Intérêts géopolitiques et géostratégiques : pas d’état souverain, menaces des pays voisins, mais on ne bouge pas pour ne pas déstabiliser. Enjeux électoraux : situation tellement délicate que si les élections se passaient bien, ce serait un mauvais signe pour les autres pays sans démocratie. On n’accepterait pas des leçons de démocratie de la Centrafrique. Enjeux économiques : de 2003 à 2013, le président confie l’exploitation du ciment à une firme indienne, le pétrole aux Chinois. On constate que des armes de marque chinoise sont sur le terrain, y compris des machettes. Livraison d’armes contre exploitation des ressources ?

Leçons à tirer. Quelle utilité des forces étrangères, dans l’ordre chronologique, MISAB – MINURCAT – FOMUC – FOMAC – MISCA – MINUSCA et des opérations françaises, BARRACUDA – SANGARIS ? Ne pas voir dans les échecs que la responsabilité des étrangers, les Centrafricains sont aussi responsables. On met des hommes incapables au pouvoir, des hommes de sa famille, de son clan, de son ethnie. On prend l’argent dans les caisses, on s’accroche au pouvoir.
La communauté internationale pousse à la réconciliation nationale, mais les Centrafricains n’y sont pas prêts. Il faut un devoir de mémoire, les gens qui tuent, les bourreaux sont toujours libres, ils sont au pouvoir, ils ont l’argent. C’est impossible de pardonner sans désigner et juger les coupables. La communauté internationale pousse également à des élections mais pas de recensement, le corps électoral est inconnu. Il faut que ceux qui se présentent soient propres, honnêtes. Actuellement, ce sont les bourreaux qui sont en campagne. Il faut que celui qui sera élu soit accepté par tous, y compris par l’opposition. Pour le moment, des régions entières sont inaccessibles même certains quartiers de Bangui.

Une justice multiforme. Faire face à un passé de violation des Droits de l’homme au travers de quatre mécanismes : – Poursuites pénales – Recherche de la vérité – Réparation – Réformes institutionnelles y compris pour les militaires qui sont coupables d’exactions, viols, meurtres. Ils doivent être jugés dans le pays. Pour le moment, il n’y a rien de tout cela, il y a toujours la crise et le pardon est impossible.

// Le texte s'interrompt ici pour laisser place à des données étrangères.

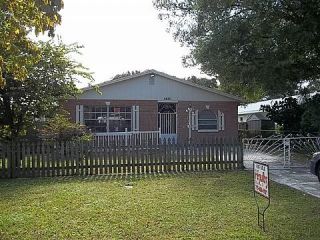 Foreclosed Home - 4620 W PEARL AVE, 33611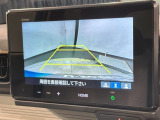 リバースギアに入れるだけで後方の表示へ切り替わります。夜間や雨の日の駐車も楽になりますよ。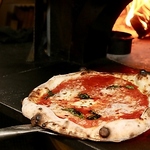 当店のピッツァは店舗に設置されたピザ窯で焼き上げています！本格ナポリピッツァをご堪能ください♪
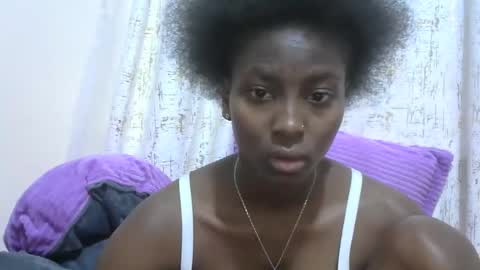 Snapshot of sexytinyy chatting on October 2, 2025, 2:07 am maria online show from October 2, 2025, 2:07 am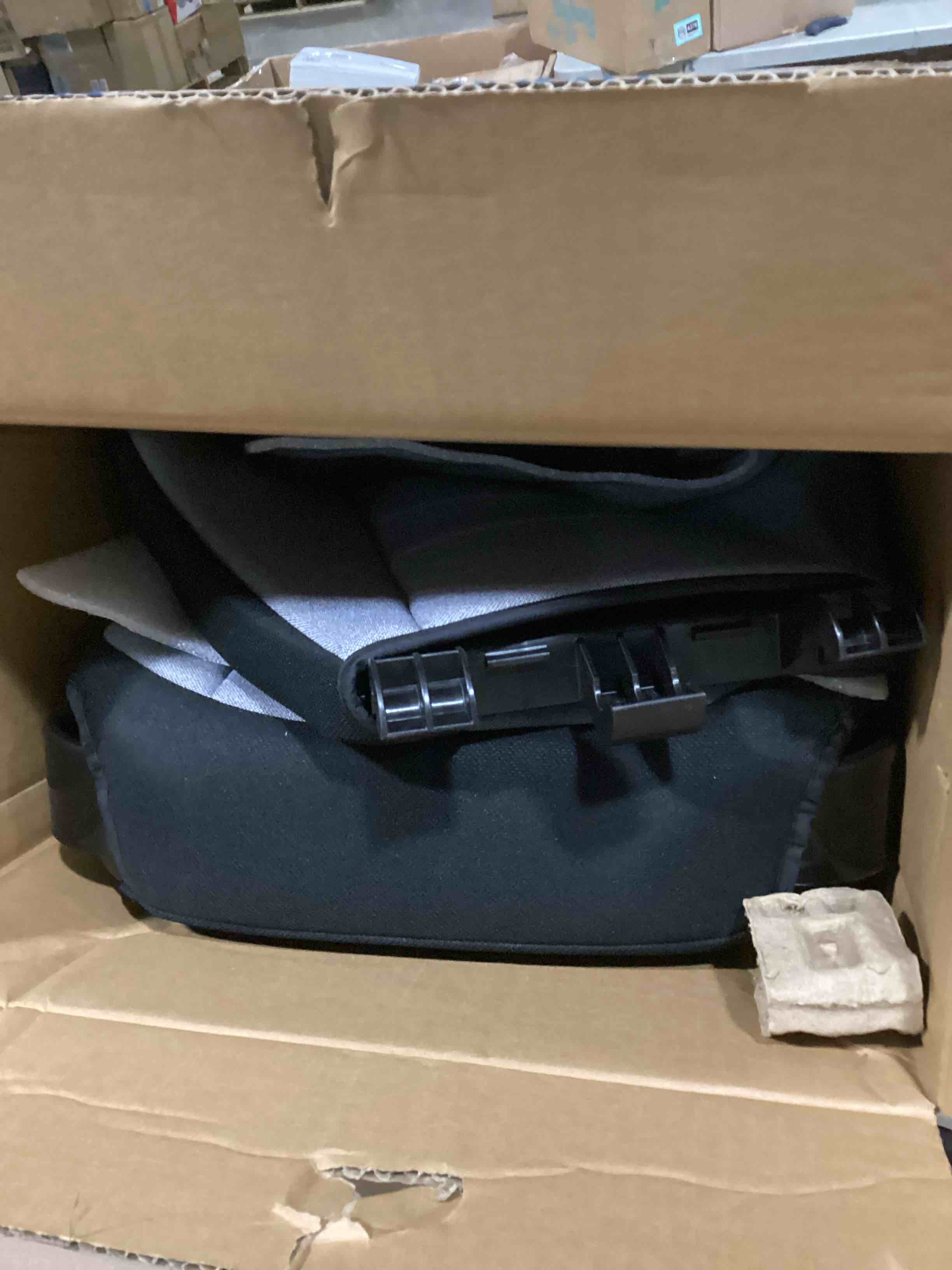 https://s3.amazonaws.com/lotting-images-prod/bidfta/PNK2546624_1749315350802.jpeg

Les richesses. Des rumeurs, pas de documents officiels mais on peut penser que le Cameroun qui vend du ciment à la RCA, ce qui représente au moins 8% de sa richesse, n’a pas intérêt à ce que la RCA exploite son ciment. Idem pour le Tchad, pour la France par l’intermédiaire du Tchad, pour l’exploitation du pétrole. Et peut-être encore, le Congo qui voudrait installer une base militaire. Dans les relations internationales, pas d’amis, que des intérêts.

Le public a été touché par la sincérité et l’émotion d’Arnaud et par l’amour qu’il porte à son pays. Son but est de finir ses études en France pour retourner en Centrafrique et aider à la reconstruction. Il est soutenu dans ses études et ses projets par l’association GAA, Groupe d’Aide à Arnaud et à la Centrafrique. Nous lui souhaitons tout le succès possible et espérons avoir de ses nouvelles dans le temps.